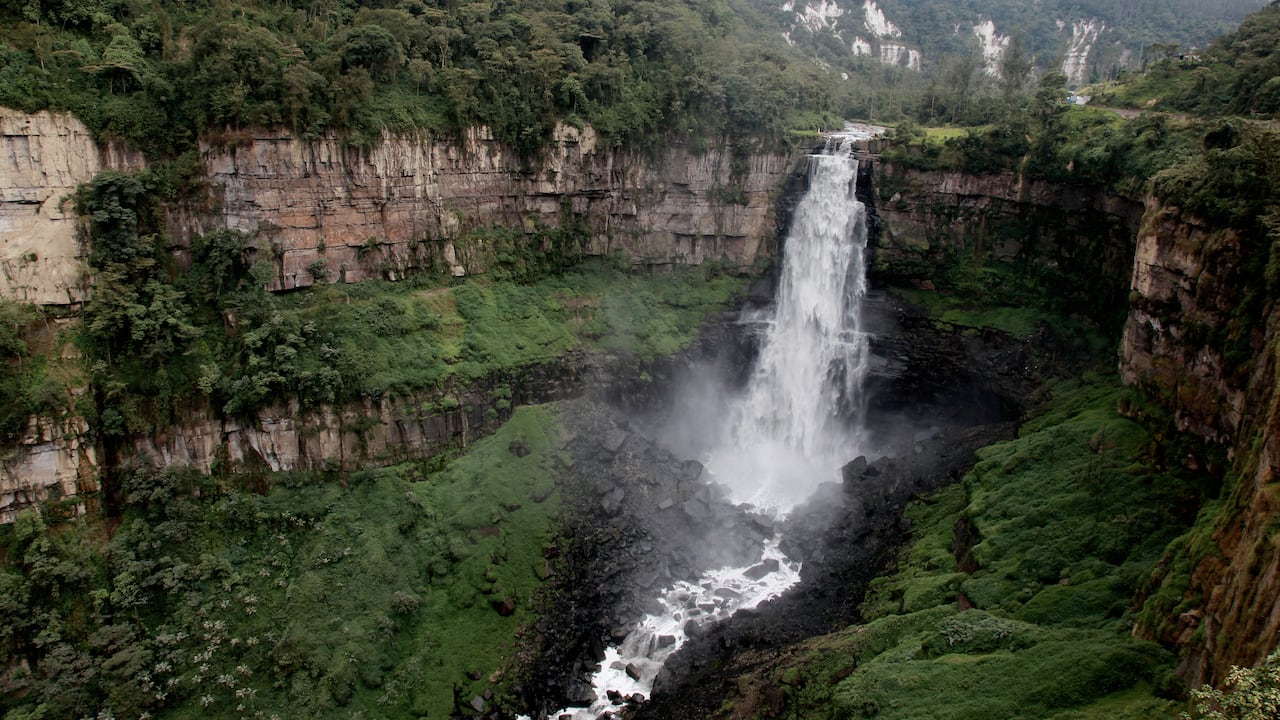 La casa en el Salto del Tequendama el 12 de Septiembre de 2012. FOTO: Gerardo GOMEZ JET SET.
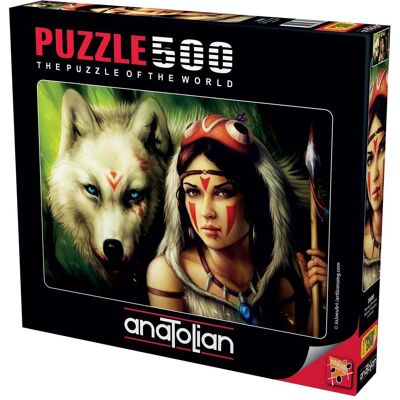 Puzzle Anatolian 500 Pièces Princesse Guerrière - Puzzle - Publicité Puzzle Anatolian 500 Pièces Princesse Guerrière - Puzzle - Publicité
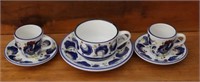 Buffalo China 6pc. Cups and Saucers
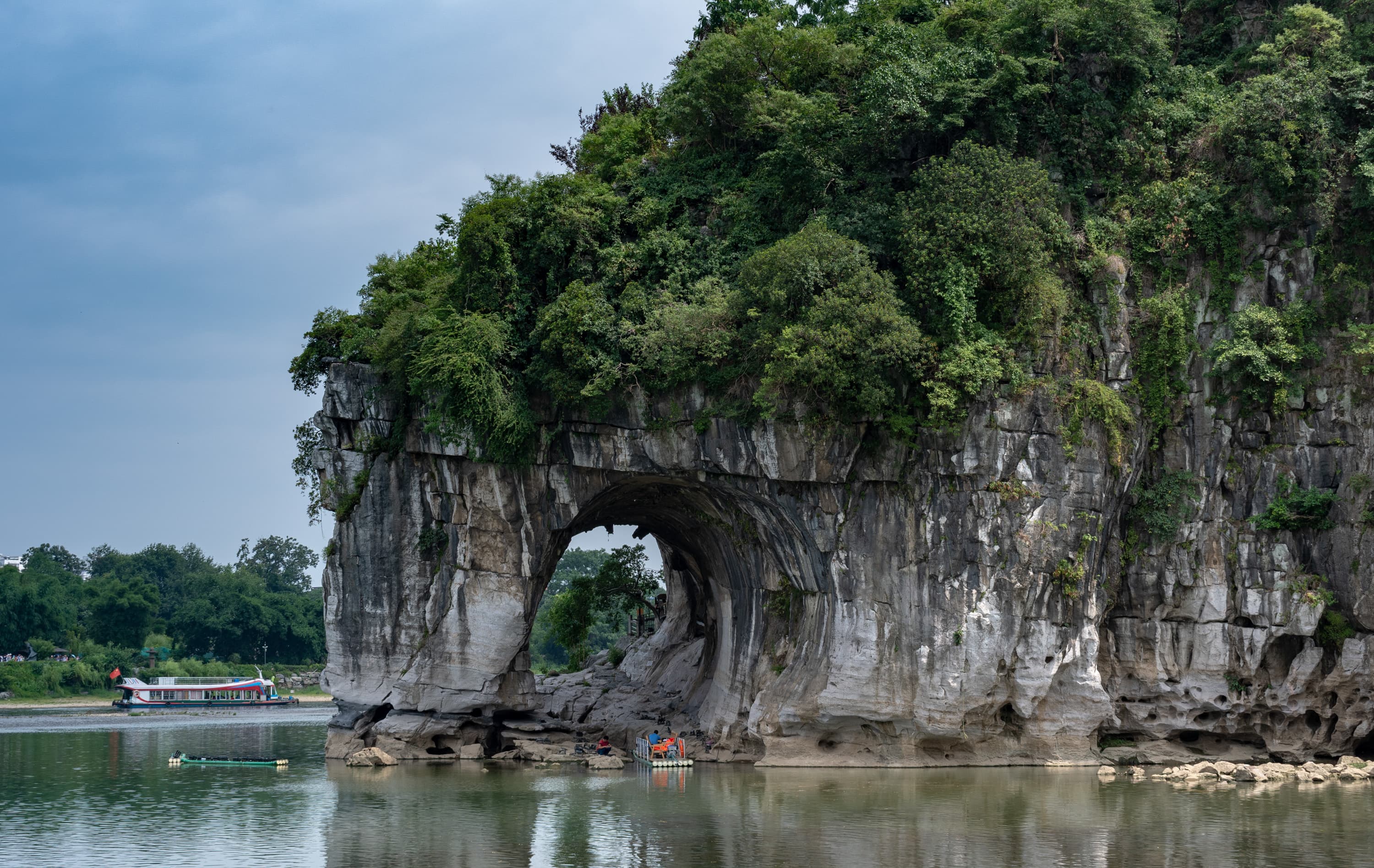 Elephant Trunk Hill and Water Moon Cave on the Li River in Guilin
----
Write out the whole of the data exactly; the pictures stay out.

 La casa en el Salto del Tequendama el 12 de Septiembre de 2012. FOTO: Gerardo GOMEZ JET SET.
 Puzzle Anatolian 500 Pièces Princesse Guerrière - Puzzle - Publicité Puzzle Anatolian 500 Pièces Princesse Guerrière - Puzzle - Publicité
 Buffalo China 6pc. Cups and Saucers
 Elephant Trunk Hill and Water Moon Cave on the Li River in Guilin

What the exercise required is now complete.